Accepts a linear array holding objects with the following key-value pairs.

- `name` required
- `value` required
- `domain`
- `url`
- `path`
- `expires` Unix time in seconds.
- `httpOnly`
- `secure`
- `sameSite` <"Strict"|"Lax">

If the `domain` argument is missing, the `url` argument will be automatically set with the requesting URL.

```
http(s)://{app address}/www/?url=https%3A%2F%2Fgoogle.com%2F&output=jpg&cookies[0][name]=foo&cookies[0][value]=bar&
```

#### (array) `args`

The `args` argument for the `puppeteer.launch()` method. For accepted arguments, please see [here](https://peter.sh/experiments/chromium-command-line-switches/).

e.g.
```
http(s)://{app address}/www/?url=https%3A%2F%2Fgoogle.com%2F&output=jpg&args[]=--lang=en-GB
```

#### (string) `proxy`

Format: `scheme://username:password@ipaddress:port`

For example, to set `socks4://127.0.0.1:1080`,

```
http(s)://{app address}/www/?url=https%3A%2F%2Fwww.google.com&output=png&proxy=socks4%3A%2F%2F127.0.0.1:1080
```

#### (array) `block`
Blocks specified resources. This has the following sub argument keys.
- types
- urls

##### (array) `types`
Specifies the types to block.

Accepted values:
- `image`
- `stylesheet`
- `font`
- `script`

By default, when the output type is `html' or `json`, and no `block` value is passed, `image`, `stylesheet`, and `font` are added by default.

```
http(s)://{app address}/www/?url=https%3A%2F%2Fwww.amazon.com%2Fgp%2Fgoldbox&output=png&block[types][]=script
```

##### (array) `urls`
Specifies the part of URLs to block. Use asterisk (`*`) to match any characters.

Such as:
- `*.optimizely.com`
- `googleadservices.com`

```
http(s)://{app address}/www/?url=https%3A%2F%2Fwww.amazon.com%2Fgp%2Fgoldbox&output=png&block[urls][]=googleadservices.com
```

#### (string|array) `waitUntil`
Determines when Puppeteer decides the page is fully loaded. The same as the `waitUntil` parameter of the `goto()` page method.. Accepted values are `load`, `domcontentloaded`, `networkidle0`, and `networkidle2`.

Default: `load`.

> - `load` - consider navigation to be finished when the load event is fired.
> - `domcontentloaded` - consider navigation to be finished when the DOMContentLoaded event is fired.
> - `networkidle0` - consider navigation to be finished when there are no more than 0 network connections for at least 500 ms.
> - `networkidle2` - consider navigation to be finished when there are no more than 2 network connections for at least 500 ms.
>
> -- [Puppeteer API Tip-Of-Tree page([options])][4]

[4]: https://github.com/puppeteer/puppeteer/blob/main/docs/api.md#pagegotourl-options

#### (array) `action`
Performs certain actions on the loaded web page such as click, remove, type, wait for something and so on.

The action parameter must be a numeric linear array holding key-value pairs of action type and action value.

For example, the following request will perform a search on DuckDuckGo.
```
http(s)://{app address}/www/?url=https%3A%2F%2Fduckduckgo.com&output=png&action[0][select]=%23search_form_input_homepage&action[1][type]=Web%20Page%20Dumper&action[2][click]=%23search_button_homepage&action[3][waitForNavigation]=
```

Notice that actions are performed sequentially.
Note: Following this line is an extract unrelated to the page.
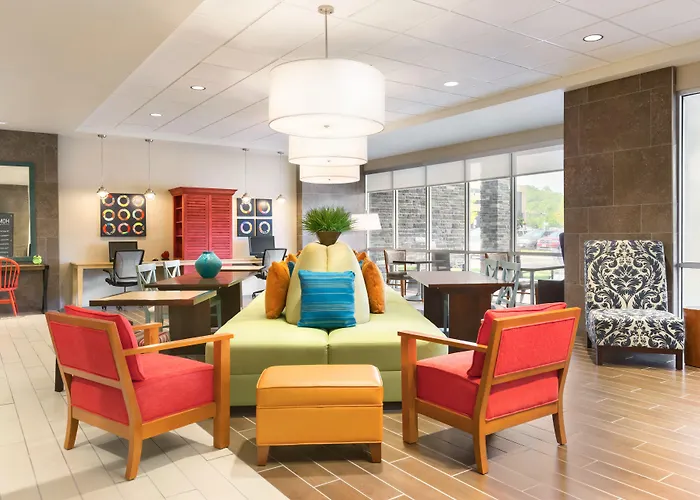 Pet Friendly hotel: Home2 Suites By Hilton Cleveland Independence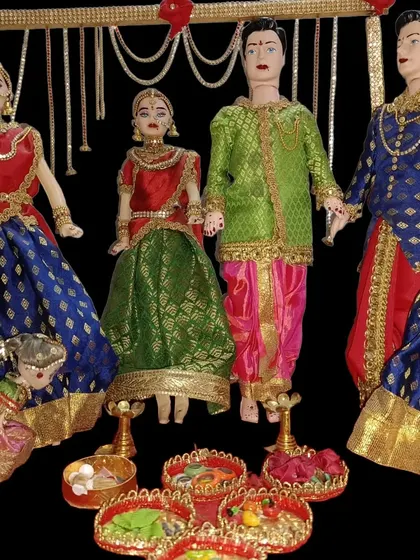 Another example of a wedding doll set, perfect for depicting the entire family during the ceremony.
In the above example, it is interpreted as

```
[
{
select: #search_form_input
},
{
type: Web Page Dumper
},
{
click: #search_button_homepage
},
{
waitForNavigation:
},
]
```

##### Action Types
The available action types are as follows.

###### (selector) select
Selects elements specified with a selector. Use this before an action that does not have a selector parameter.

Accepts a value of selector. The selector can be XPath.

###### (selector) click

Clicks a first found element specified with a selector.

Accepts a value of selector. The selector can be XPath.

This clicks on the top-right icon that expands the app panel on Google home page.
```
http(s)://{app address}/www/?url=https%3A%2F%2Fgoogle.com&output=jpg&action[][click]=a.gb_C
```

###### (selector) remove
Removes elements specified with a selector.

Accepts a value of selector. The selector can be XPath.

This removes the top banner element on the Google search page. Notice that `.k1zIA` is the class selector of the banner container.

```
http(s)://{app address}/www/?url=https%3A%2F%2Fgoogle.com&output=png&action[][remove]=.k1zIA
```

###### (characters) type
Types given characters.

This action does not accept a selector. Use the `select` action before this to specify an element for typing.

###### (selector) choose
Selects an item from a `` tag.

Accepts a value of selector. _* This action does not support XPath._

###### (selector) extract
Extracts elements.

This replaces the elements' innerHTML with the HTML body tag inner HTML. Use this to lighten up the result source code.

Accepts a value of selector.

###### (selector) extractHard
Extracts elements.

Similar to the `extract` action except that this removes all head tag elements so the styles will be lost.

Accepts a value of selector.

###### (selector) waitForElement
Waits for an element to appear.

Accepts a value of selector. The selector can be XPath.

###### (void) waitForNavigation
Waits for the next page to load, used with clicking a link or submitting a form.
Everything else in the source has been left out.